» **Stored data**
----

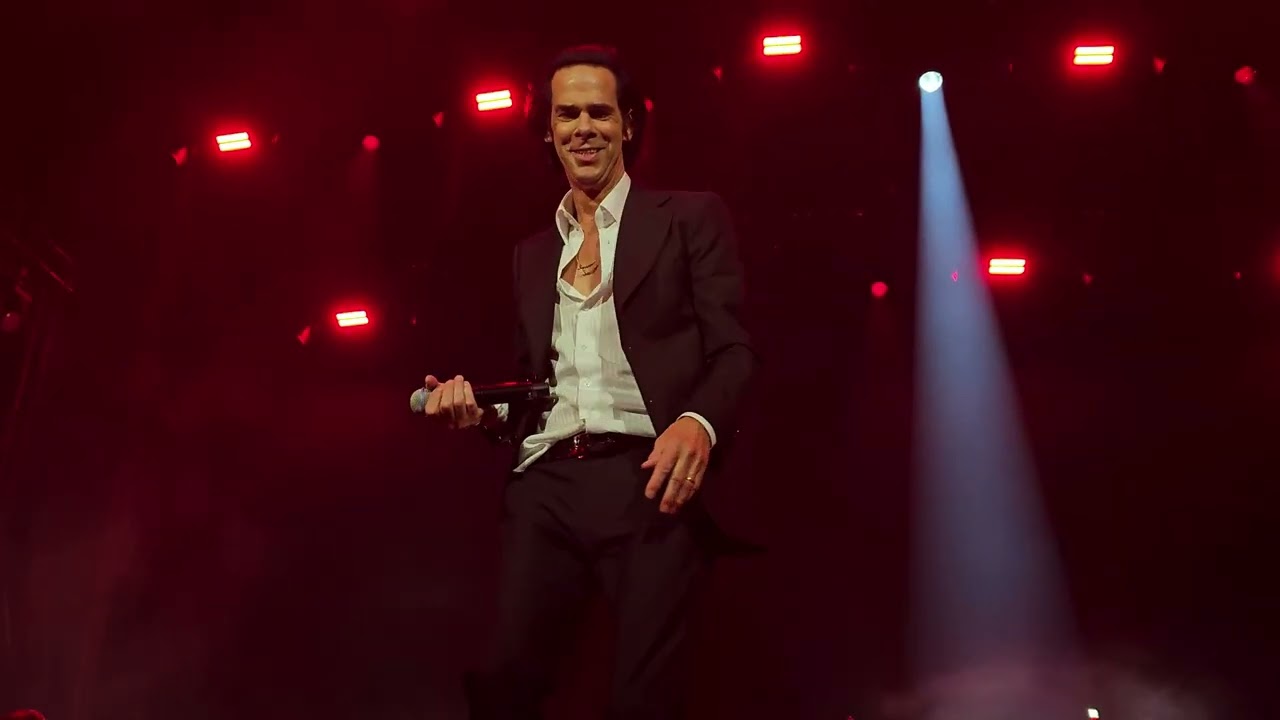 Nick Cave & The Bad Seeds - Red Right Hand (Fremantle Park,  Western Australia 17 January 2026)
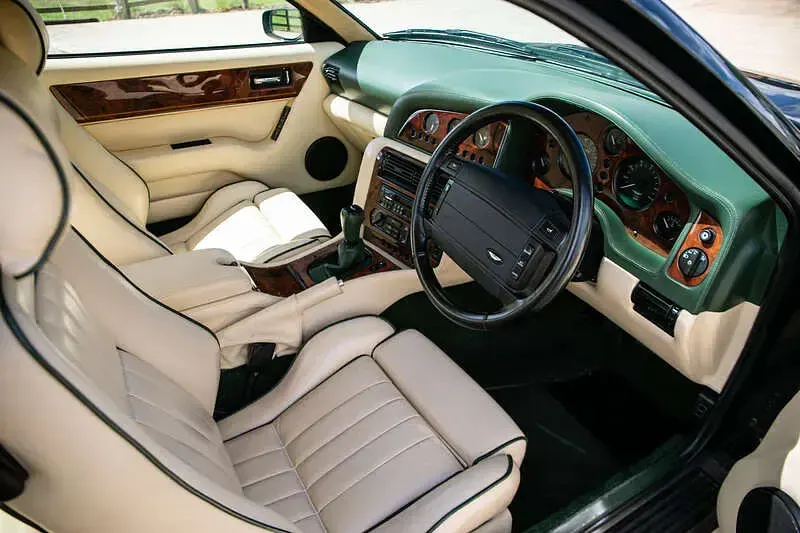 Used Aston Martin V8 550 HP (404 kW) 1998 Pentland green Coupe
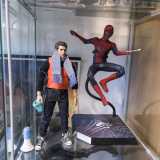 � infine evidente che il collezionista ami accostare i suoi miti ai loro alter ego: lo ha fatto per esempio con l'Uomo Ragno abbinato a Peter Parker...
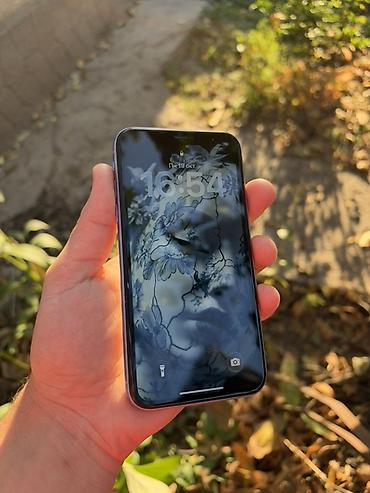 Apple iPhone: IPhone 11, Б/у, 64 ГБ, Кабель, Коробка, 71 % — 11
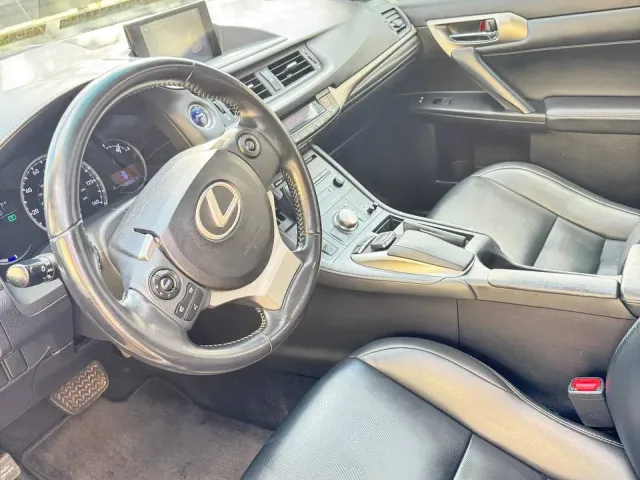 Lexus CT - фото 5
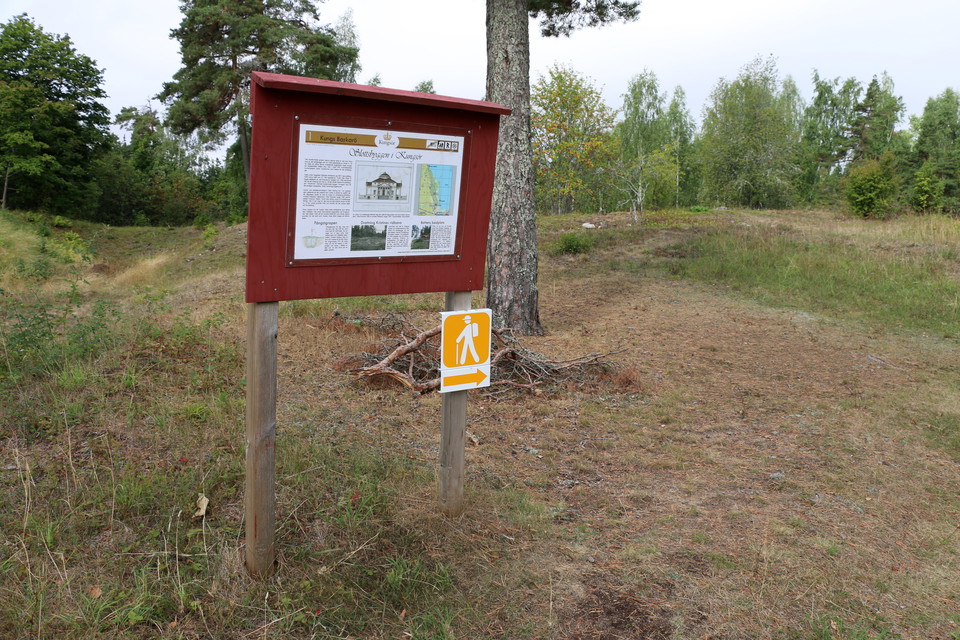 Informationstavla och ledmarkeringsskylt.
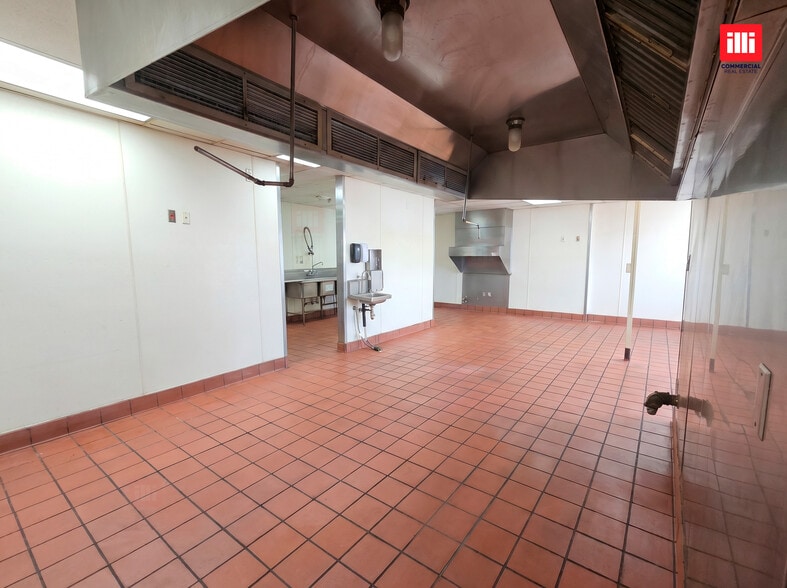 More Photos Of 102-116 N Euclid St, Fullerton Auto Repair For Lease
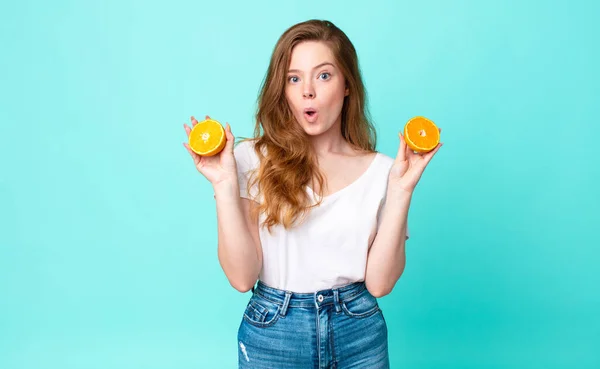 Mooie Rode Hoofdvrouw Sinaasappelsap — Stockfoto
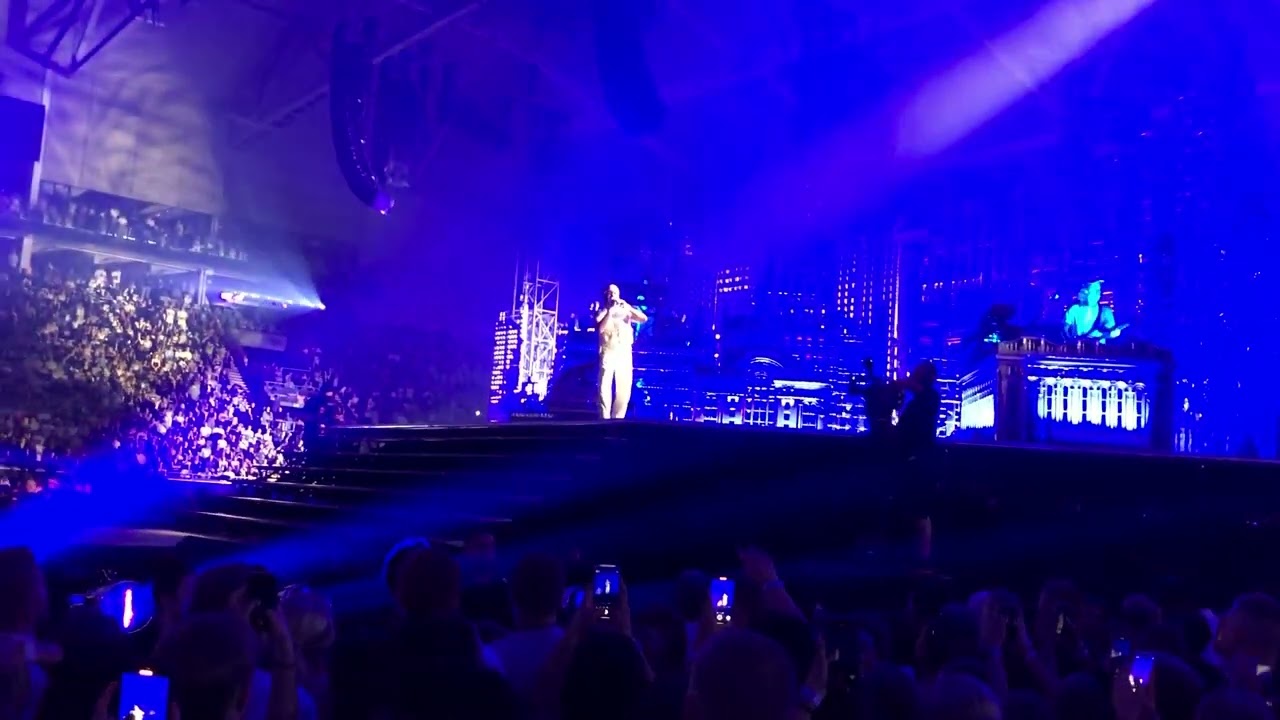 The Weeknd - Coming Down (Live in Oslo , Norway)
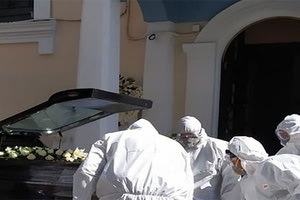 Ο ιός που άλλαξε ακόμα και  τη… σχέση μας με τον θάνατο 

----

» **Your assignment**
Omit any images, then output the listing exactly.

» **Finished task**
 Nick Cave & The Bad Seeds - Red Right Hand (Fremantle Park,  Western Australia 17 January 2026)
 Used Aston Martin V8 550 HP (404 kW) 1998 Pentland green Coupe
 � infine evidente che il collezionista ami accostare i suoi miti ai loro alter ego: lo ha fatto per esempio con l'Uomo Ragno abbinato a Peter Parker...
 Apple iPhone: IPhone 11, Б/у, 64 ГБ, Кабель, Коробка, 71 % — 11
 Lexus CT - фото 5
 Informationstavla och ledmarkeringsskylt.
 More Photos Of 102-116 N Euclid St, Fullerton Auto Repair For Lease
 Mooie Rode Hoofdvrouw Sinaasappelsap — Stockfoto
 The Weeknd - Coming Down (Live in Oslo , Norway)
 Ο ιός που άλλαξε ακόμα και  τη… σχέση μας με τον θάνατο 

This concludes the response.